Save room for dessert
There's no substitute for made-from-scratch goodies, but the sweet stuff can be complicated to create. So we asked local bakeries to share recipes for delectable but doable desserts. Savor the simplicity!
• 1/2 cup (1 stick) unsalted butter, room temperature, plus more for pan
• 2 cups all-purpose flour, plus more for pan
• 1 1/2 teaspoons baking powder
• 1/2 teaspoon salt
• 1 1/4 cups sugar
• 2 large eggs
• 2 teaspoons pure vanilla extract
• 1/2 cup milk
• 2 cups frozen strawberries (can also use blueberries, cranberries or cherries)
• 1/4 teaspoon nutmeg
Preheat oven to 350 F. Generously butter a standard 12-cup muffin pan and dust with flour, tapping out excess; set aside. In a medium bowl, whisk together flour, baking powder and salt.
In the bowl of an electric mixer fitted with the paddle attachment, or using a handheld mixer, beat butter and 1 cup sugar on medium-high speed until light and fluffy, about 3 minutes. Add eggs, one at a time, beating until combined. Mix in vanilla.

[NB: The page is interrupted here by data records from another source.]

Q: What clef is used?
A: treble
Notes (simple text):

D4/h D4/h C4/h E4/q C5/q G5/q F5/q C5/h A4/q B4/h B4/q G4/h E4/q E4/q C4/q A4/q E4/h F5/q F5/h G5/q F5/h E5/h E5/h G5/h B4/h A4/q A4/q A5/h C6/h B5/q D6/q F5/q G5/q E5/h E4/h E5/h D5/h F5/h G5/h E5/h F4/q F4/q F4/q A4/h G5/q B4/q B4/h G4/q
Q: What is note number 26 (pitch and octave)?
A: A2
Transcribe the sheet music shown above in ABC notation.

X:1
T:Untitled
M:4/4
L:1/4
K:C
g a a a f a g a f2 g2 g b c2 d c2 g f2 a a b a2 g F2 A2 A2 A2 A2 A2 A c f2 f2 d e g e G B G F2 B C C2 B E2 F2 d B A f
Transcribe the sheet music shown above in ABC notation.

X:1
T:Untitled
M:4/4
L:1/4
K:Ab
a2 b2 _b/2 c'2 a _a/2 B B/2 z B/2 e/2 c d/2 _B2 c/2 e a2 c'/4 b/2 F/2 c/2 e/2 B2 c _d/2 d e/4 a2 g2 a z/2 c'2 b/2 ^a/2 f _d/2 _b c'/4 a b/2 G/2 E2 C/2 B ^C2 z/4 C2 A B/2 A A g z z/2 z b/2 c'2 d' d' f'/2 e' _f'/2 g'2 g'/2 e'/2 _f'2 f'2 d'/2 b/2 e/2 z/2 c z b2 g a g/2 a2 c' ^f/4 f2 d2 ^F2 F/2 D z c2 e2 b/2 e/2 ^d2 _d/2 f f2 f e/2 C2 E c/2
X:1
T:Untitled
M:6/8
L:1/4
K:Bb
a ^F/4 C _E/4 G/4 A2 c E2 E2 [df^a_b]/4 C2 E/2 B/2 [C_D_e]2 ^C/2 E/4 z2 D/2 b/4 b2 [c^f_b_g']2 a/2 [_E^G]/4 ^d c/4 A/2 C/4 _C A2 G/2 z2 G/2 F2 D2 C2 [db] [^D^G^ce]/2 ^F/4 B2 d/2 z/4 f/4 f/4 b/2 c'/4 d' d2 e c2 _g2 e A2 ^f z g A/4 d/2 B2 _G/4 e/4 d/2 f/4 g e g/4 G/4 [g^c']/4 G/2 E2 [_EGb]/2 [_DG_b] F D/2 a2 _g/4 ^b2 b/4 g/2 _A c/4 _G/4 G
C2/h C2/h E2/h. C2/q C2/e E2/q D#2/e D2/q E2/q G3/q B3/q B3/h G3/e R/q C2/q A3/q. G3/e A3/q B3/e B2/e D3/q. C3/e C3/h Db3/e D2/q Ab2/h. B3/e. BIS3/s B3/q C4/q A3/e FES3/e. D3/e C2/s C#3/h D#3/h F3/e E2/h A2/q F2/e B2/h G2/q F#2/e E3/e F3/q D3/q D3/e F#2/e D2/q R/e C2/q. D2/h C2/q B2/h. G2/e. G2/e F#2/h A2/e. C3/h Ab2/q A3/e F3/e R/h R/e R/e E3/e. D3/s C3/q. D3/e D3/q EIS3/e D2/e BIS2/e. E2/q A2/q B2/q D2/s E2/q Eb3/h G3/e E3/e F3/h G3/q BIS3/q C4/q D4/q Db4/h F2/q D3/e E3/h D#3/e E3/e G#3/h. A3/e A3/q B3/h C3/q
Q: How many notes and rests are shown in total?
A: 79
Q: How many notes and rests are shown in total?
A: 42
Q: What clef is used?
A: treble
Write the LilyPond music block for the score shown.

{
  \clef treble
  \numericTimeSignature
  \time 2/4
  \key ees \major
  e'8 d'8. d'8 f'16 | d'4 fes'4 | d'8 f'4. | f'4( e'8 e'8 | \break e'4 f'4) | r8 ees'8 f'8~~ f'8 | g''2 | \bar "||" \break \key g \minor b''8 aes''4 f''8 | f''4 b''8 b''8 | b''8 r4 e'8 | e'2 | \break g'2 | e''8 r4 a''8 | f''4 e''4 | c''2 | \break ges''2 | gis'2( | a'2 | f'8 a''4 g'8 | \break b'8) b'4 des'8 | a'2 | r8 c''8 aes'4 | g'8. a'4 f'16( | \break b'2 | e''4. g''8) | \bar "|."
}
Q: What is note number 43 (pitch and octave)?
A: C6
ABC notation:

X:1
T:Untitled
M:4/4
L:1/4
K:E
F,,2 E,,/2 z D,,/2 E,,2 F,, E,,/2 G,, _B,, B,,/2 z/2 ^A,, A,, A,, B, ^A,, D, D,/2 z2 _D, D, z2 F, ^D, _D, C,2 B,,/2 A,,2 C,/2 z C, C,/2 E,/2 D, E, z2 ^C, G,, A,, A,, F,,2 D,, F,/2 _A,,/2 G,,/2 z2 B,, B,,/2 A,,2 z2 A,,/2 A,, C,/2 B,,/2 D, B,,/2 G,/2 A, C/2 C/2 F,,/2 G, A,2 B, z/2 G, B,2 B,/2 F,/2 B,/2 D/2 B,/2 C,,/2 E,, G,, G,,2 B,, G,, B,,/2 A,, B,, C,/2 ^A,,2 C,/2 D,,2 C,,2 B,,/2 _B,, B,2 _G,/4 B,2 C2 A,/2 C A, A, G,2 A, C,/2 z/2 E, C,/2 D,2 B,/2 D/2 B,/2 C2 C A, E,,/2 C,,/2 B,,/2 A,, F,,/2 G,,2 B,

With the mixer on low speed, add reserved flour mixture, beating until just combined. Add milk, beating until just combined. Do not overmix. Using a rubber spatula, fold in the frozen fruit of your choice. Divide batter evenly among the prepared muffin cups. If desired, in a small bowl, mix together remaining 1/4 cup sugar and nutmeg. Sprinkle sugar mixture on top of muffin batter.
Bake for about 30 minutes, rotating pan halfway through, until muffins are golden brown and a tester inserted in the center comes out clean. Transfer pan to a wire rack and cool for 10 minutes. Turn muffins on their sides in their cups, and let cool. Serve warm or at room temperature.
Makes 1 dozen muffins.
La Chatelaine French Bakery & Bistro
1550 W. Lane Ave., Columbus; 614-488-1911
627 High St., Worthington; 614-848-6711
65 W. Bridge St., Dublin; 614-763-7151
Charlotte Harden (General Manager)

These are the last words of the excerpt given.